**Given records:**
┄┄┄┄┄┄┄┄┄┄┄┄┄┄┄┄┄┄┄┄

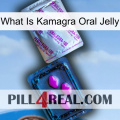 What Is Kamagra Oral Jelly 37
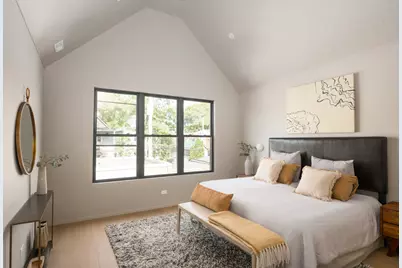 2520 W Shakespeare Avenue, Chicago, IL 60647 - Photo 29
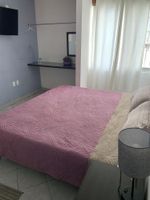Paquete - Residencial Edzna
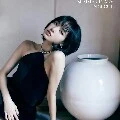 La Lisa - La tổng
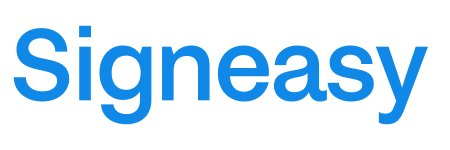 Signeasy AI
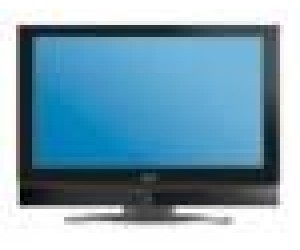 Arvin AR3701E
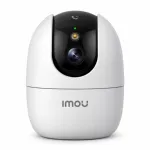 Imou Ranger 2 Pro 3K/5MP Smart Security Camera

┄┄┄┄┄┄┄┄┄┄┄┄┄┄┄┄┄┄┄┄

**What is expected:** A word-for-word repetition of the data above, without pictures, is the expected answer.

**Answer section:**
 What Is Kamagra Oral Jelly 37
 2520 W Shakespeare Avenue, Chicago, IL 60647 - Photo 29
Paquete - Residencial Edzna
 La Lisa - La tổng
 Signeasy AI
 Arvin AR3701E
 Imou Ranger 2 Pro 3K/5MP Smart Security Camera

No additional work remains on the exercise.